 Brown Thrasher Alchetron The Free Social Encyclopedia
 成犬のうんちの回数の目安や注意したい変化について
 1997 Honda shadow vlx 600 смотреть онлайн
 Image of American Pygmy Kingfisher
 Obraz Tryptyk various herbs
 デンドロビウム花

- [YOUR TASK]: The material above needs to be copied out in full, exactly as given.

- [ANSWER TO THIS EXERCISE]:
 Brown Thrasher Alchetron The Free Social Encyclopedia
 成犬のうんちの回数の目安や注意したい変化について
 1997 Honda shadow vlx 600 смотреть онлайн
 Image of American Pygmy Kingfisher
 Obraz Tryptyk various herbs
 デンドロビウム花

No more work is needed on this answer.